Vollständiger Beitrag als PDF:  PDF ansehen PDF downloaden  7 Seiten (26 KB)
Schlagworte zu diesem Beitrag:  Österreich, Strategische Analyse, Balkan, Südosteuropa


Predrag Jurekovic and Frederic Labarre


When we started to discuss possible topics for the next Reichenau
workshop a year ago, we decided after some deliberation for the topic of Organised Crime. It was one of the proposals jointly brought forward by our colleagues Minna Nikolova and Prof. Plamen Pantev. We had some heated discussions in Vienna as to the subject, and some had second thoughts.
On the one hand, we were well aware of the importance of the issue of crime and criminality as a danger to the stabilisation process in South East Europe: we had been following the developments regarding organised crime in South East Europe with interest over the last few years. On the other hand we had strong doubts if our Study Group which has been renamed last December from "Crisis Management in South East Europe" to "Regional Stability in South East Europe", and which consists mainly of security-political analysts, political scientist, military and historians, would be the right forum for discussion an issue which usually is dealt with by the Ministry of Interior or Interpol. But this qualitative shift is telling and relevant. More and more, the region is achieving deeper levels of security, and if international presence will be required for a long time to come, the indicators of success can be measured in the amount of references to EU enlargement to the new countries that the civil wars have created. Slovenia is, for all intents and purposes, ready for membership. Croatia is waiting in the wings. This testifies to the success of international intervention so far, but the uncertainties and fog surrounding organised crime begs further analysis from experts.

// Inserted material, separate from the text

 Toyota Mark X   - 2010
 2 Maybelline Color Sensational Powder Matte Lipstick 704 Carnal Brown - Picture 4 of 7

Another reason for our doubts was that we feared that putting the weight on crime might underline the negative stereotypes usually connected to the Balkans in Middle and Western Europe. This negative stereotype considers South East Europe as being mainly a chief exporter of problems and instability. We might have lost sight of the small, but decisive positive steps taken through the stabilisation process and focus too much on negative perspectives. Transnational organised crime is not only a Balkan feature, it is also a burden to developed societies in Western Europe and North America, and the urgency of tackling this issue should be more felt by developed societies, where the negative effects of criminal activities are also felt.
The assassination of the Prime Minister of Serbia, Zoran Ðinðic has shown that the crime factor is not only a relevant security issue for South East Europe, but above all a phenomenon with direct consequences on democratisation and the political culture.
The first impressions of somebody watching the development of society in Serbia over the years was deep shock on how far the influence of criminal groups had progressed into the interiors of state structures. On the other side, it was breathtaking how fast the Serb government rediscovered its strength after the tragic murder of Zoran Djindjic and how fast it got rid of its passive stance regarding organised crime and switched to a policy of energetic fighting against the clans. Regarded from the outside, the last two months seemed rather like a life and death struggle between the Serb government and organised crime. Though this impression might be overdone a little bit, it is a fact that many Serbs experienced this struggle as a liberating move after a long - perhaps too long - period of apathy and legal uncertainty. Only now, after the key players of organised crime seem to have been neutralised, the possibility of establishing a democratic post-conflict order seems to have become an option. One must not forget that many of the criminals arrested over the last weeks were celebrated war heroes of the Milosevic era, celebrated because of their patriotic deeds in Croatia, Bosnia and Kosovo. For these people, even the reform government formed after Milosevic's fall did not seem to pose a serious threat - up to the assassination of Ðinðic. Serbia seems to have stepped away from a fatal brink, and it doesn’t even realize it, because the symbiosis between criminal elements and underground figures is so complete in the region that the line between legal and illegal is frequently blurred and this enhances the prospects of so-called State capture by criminal elements who infiltrate and assimilate legitimate political trappings so well as to command the resources of the state. After years of dictatorship, itself criminal in nature, Serbia has narrowly avoided a fall back into the abyss, where organised crime would reign supreme over civil society.
Other societies are even more at risk and this is an additional reason why inquisitive analysis and discussion is needed.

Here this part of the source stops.